Before that week, I’d never been to Italy, though when I was still young I dreamed of it, and of a famous bridge in Venice that spelled out a metaphor I could understand. No longer. Metaphors help you boil the complications and ambiguities of your too-long life into a picture book. They help you lie to yourself.



My wife, Lena—she was the one who traveled, and for a long time I didn’t know why. Only later, at sixty-four years, among whining Vespas, garlic-scented streets and bombastic Italians, did I finally understand. I understood her, and I understood everything, for just a moment. To the right, beyond the square, the Adriatic glimmered.

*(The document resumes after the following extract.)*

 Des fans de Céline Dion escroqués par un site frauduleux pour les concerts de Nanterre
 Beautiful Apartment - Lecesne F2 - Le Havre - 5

The pedestrians below didn’t notice me. Bald on top, white along the sides, my one striking feature was that I had bright eyes that should’ve been on a younger man. Not tall—neither in height nor stature. That was me. A normal man in all ways, with the icy Adriatic wind flapping my loose gray blazer. I kept my still-warm Walther PP concealed behind the flap of my jacket so the tourists below wouldn’t be frightened.



I wasn’t thinking of the man I’d shot, who made quiet noises in the room behind me. No, I’d thought about him far too much over the last week. I was thinking, instead, about the greatness of life. All the sensations and people and moments that, if you don’t hold onto them, disappear forever. And once they’re gone, they might as well never have existed. That’s the second reason I’m telling this story. The first reason will explain itself.



I returned to the room. It was one of those Italian coastal hotels that never live up to the price, though it was the most expensive in town. The old man groaned on the blood-wet bed, clutching his knee. He wasn’t even looking at me anymore, because he knew it made no difference.



I settled into a chair and watched as the tremors began. He let go of his knee and seized up. His right leg shot out, then the injured one, and that movement made him scream. I didn’t react. This man, descending into epileptic spasms, had an unbelievable resilience. He’d survived so much over the last century; he’d been near death so many times, beaten down but always rising again, despite being crippled by the falling sickness. I even felt, briefly, a measure of respect. In comparison, my own life had been soft and simple. But old men die every day—yes, women too—and this day was no exception.